The State Coroner on Thursday (27 Oct) has ruled the death of 70-year-old Tan Woon Teck in the fire incident in a Geylang carpark as a suicide.

Earlier on May 30 this year, the elderly man had fatally set himself on fire in a Geylang carpark.

At around 10pm that night, Tan, who had been fired as an assistant at a coffee shop three weeks earlier, doused himself in petrol from a metal container and burned himself alight at an open carpark in Lorong Bachok, Geylang.

He burned for minutes with arms outstretched, as passers-by rushed to douse him with a fire extinguisher and water in pails.

Tan suffered extensive burns over 97 per cent of his body, only part of his groin was spared from the fire.

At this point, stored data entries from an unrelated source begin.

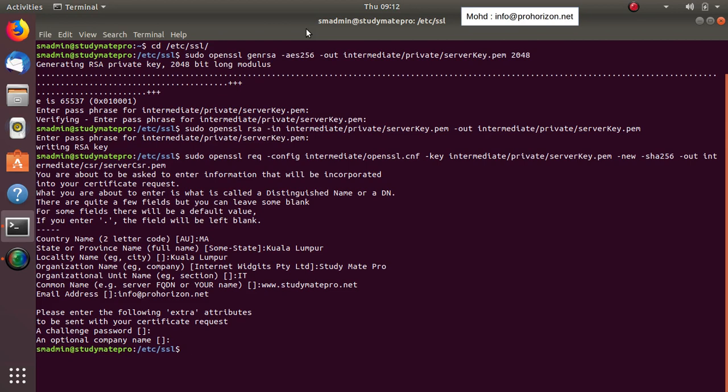This CSR file has two options: either you self-sign it if you have a local server or testing server, or if you want to use your server over the internet, you submit this file to any global certificate authority — you can Google it and find there are a lot of them. You pay some amount and they will sign and trust it for one year or two years. In our case, we will go with self-signing the certificate to show you how you can do that.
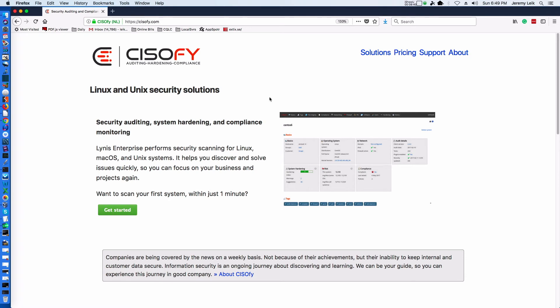Until then, this is Jeremy for Practical IT. If you like this video, please like subscribe and leave comments below. Tell your friends about the videos. If you'd like to leave a suggestion for a possible future video topic, please do so in the comment section below. Thanks for watching and I'll see you in the next video.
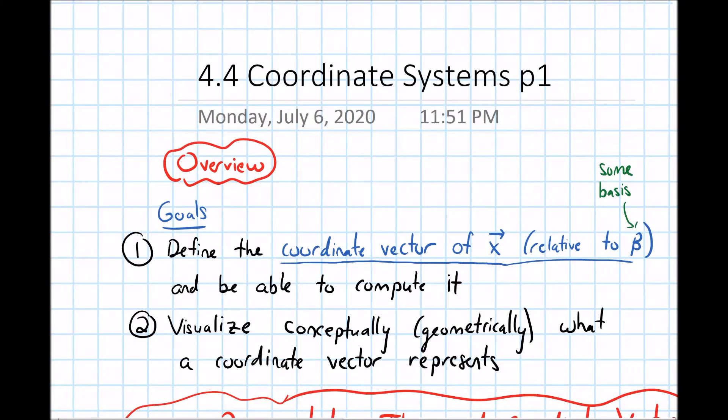In this video, I want to give an overview of section 4.4 on coordinate systems.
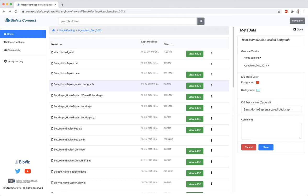By default, the IGBI track name will appear as the file's name. This can be changed to something shorter or to better identify the data.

The Coroner’s Court heard that he died from his injuries six hours later.

State Coroner Marvin Bay stated that Tan’s medical history and criminal record showed that he was prone to ‘contemplate extreme measures’ to express his mounting grievance and despair from the affliction and misfortunes in his life.

Tan had been diagnosed with depression in 1976, after he was referred to Changi Prison Hospital for attempted suicide. He had been suffering from low mood and insomnia.

In 1986, he was charged with rape and again found to be depressed. The outcome of this case was not revealed in court.

A psychiatric assessment three years later recorded improvements in Tan’s sleep and mental state.

An hour before committing himself that night, Tan paid a visit to his long-term benefactor, Madam Teo Kim Hong, to thank her for all that she had done for him.

The court heard that five years ago, Mdm Teo had offered him shelter at the Nam Yeo Qigong Centre after Tan was evicted from his previous residence in Lorong Bachok.

During their meeting, Tan told Mdm Teo that he wanted to die because he was ‘in a very bad state’. He also vaguely told her to read the next day’s newspapers, the court heard.

Mr Bay said, “Being terminated from employment was a major reversal in his life that evidently weighed heavily on him.”

What makes sure that there was no foul play, Mr Bay said a recording from an in-car camera of a TransCab taxi, where Tan stood next to before setting himself on fire, showed him walking across the carpark to the spot where he committed suicide.

Also a closed-circuit television footage from an Esso petrol station in Geylang showed Tan buying petrol.

Mr Bay said, it was also highly unlikely for the blaze to have been set off by accident, the petrol from the metal can must has been used to accelerate the start of the fire.

“Or Tan’s clothes would not have been spontaneously consumed with such intensity,” he added.